Start of Task input

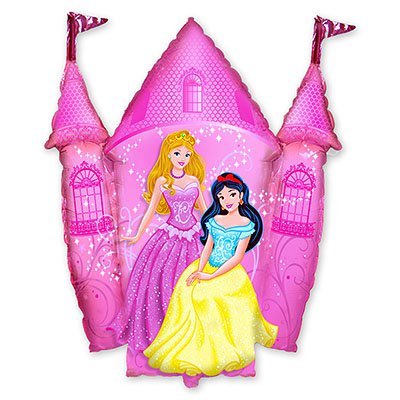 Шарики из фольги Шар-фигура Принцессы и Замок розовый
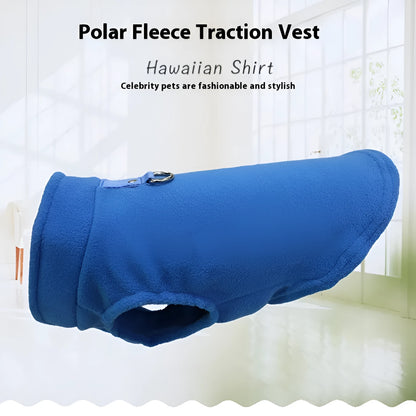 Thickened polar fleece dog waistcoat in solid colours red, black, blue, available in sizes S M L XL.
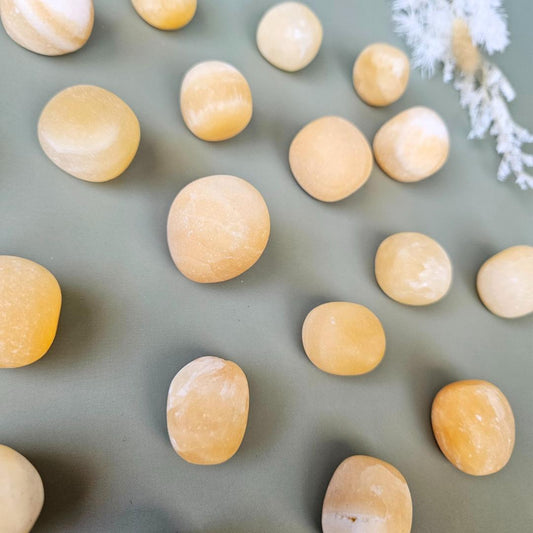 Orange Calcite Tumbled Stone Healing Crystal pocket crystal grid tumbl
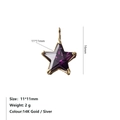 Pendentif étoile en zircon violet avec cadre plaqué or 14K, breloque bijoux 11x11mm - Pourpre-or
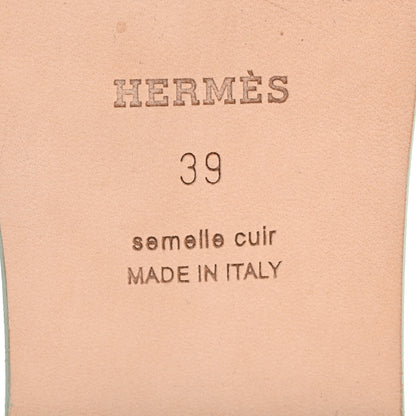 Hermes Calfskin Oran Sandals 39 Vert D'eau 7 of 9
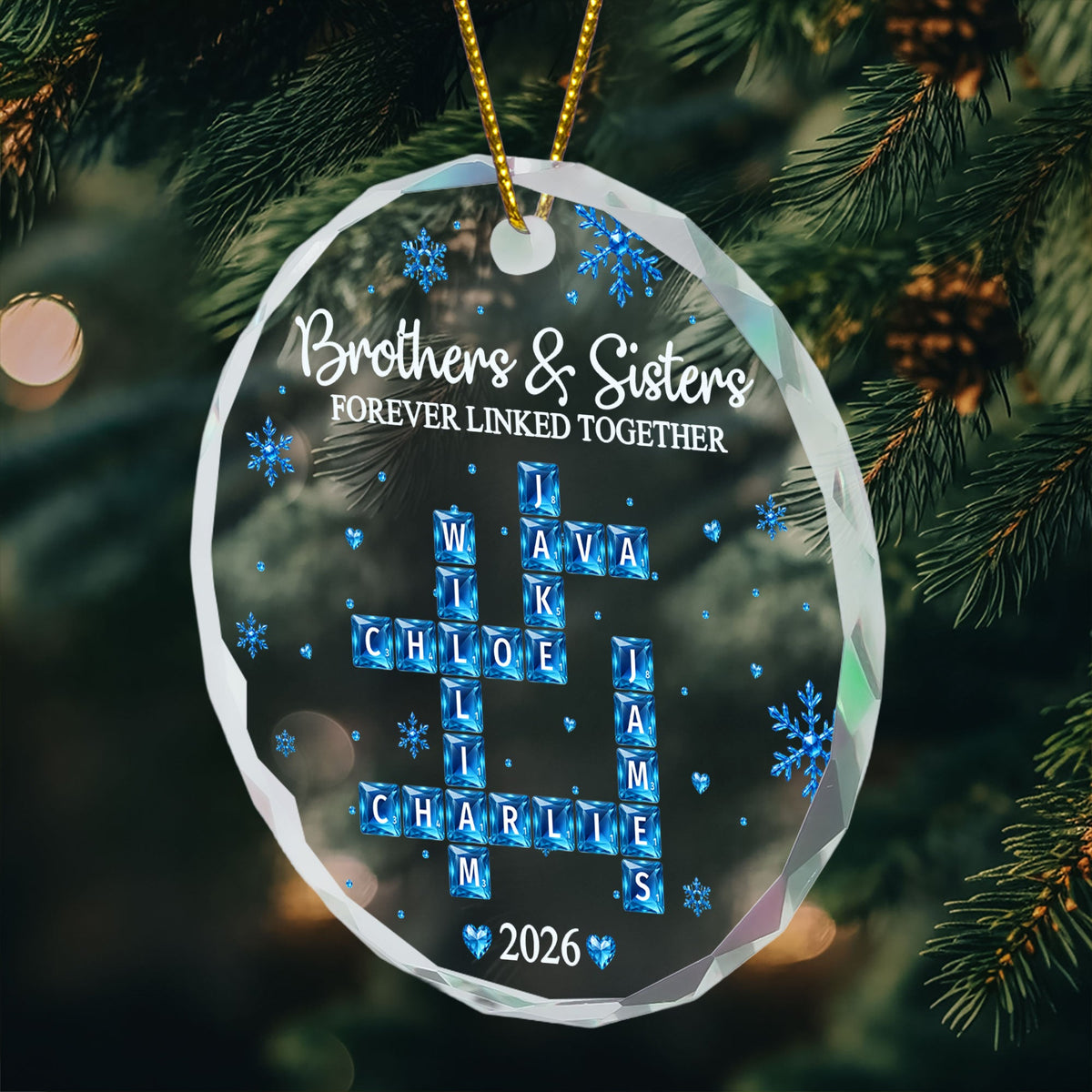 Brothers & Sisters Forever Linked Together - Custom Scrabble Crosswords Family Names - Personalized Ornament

End of Task input

Assignment: I would like you to set down the lines above, from the one containing "Orange Calcite Tumbled" to the final line, exactly as written and without pictures.

Task response:
 Orange Calcite Tumbled Stone Healing Crystal pocket crystal grid tumbl
 Pendentif étoile en zircon violet avec cadre plaqué or 14K, breloque bijoux 11x11mm - Pourpre-or
 Hermes Calfskin Oran Sandals 39 Vert D'eau 7 of 9
 Brothers & Sisters Forever Linked Together - Custom Scrabble Crosswords Family Names - Personalized Ornament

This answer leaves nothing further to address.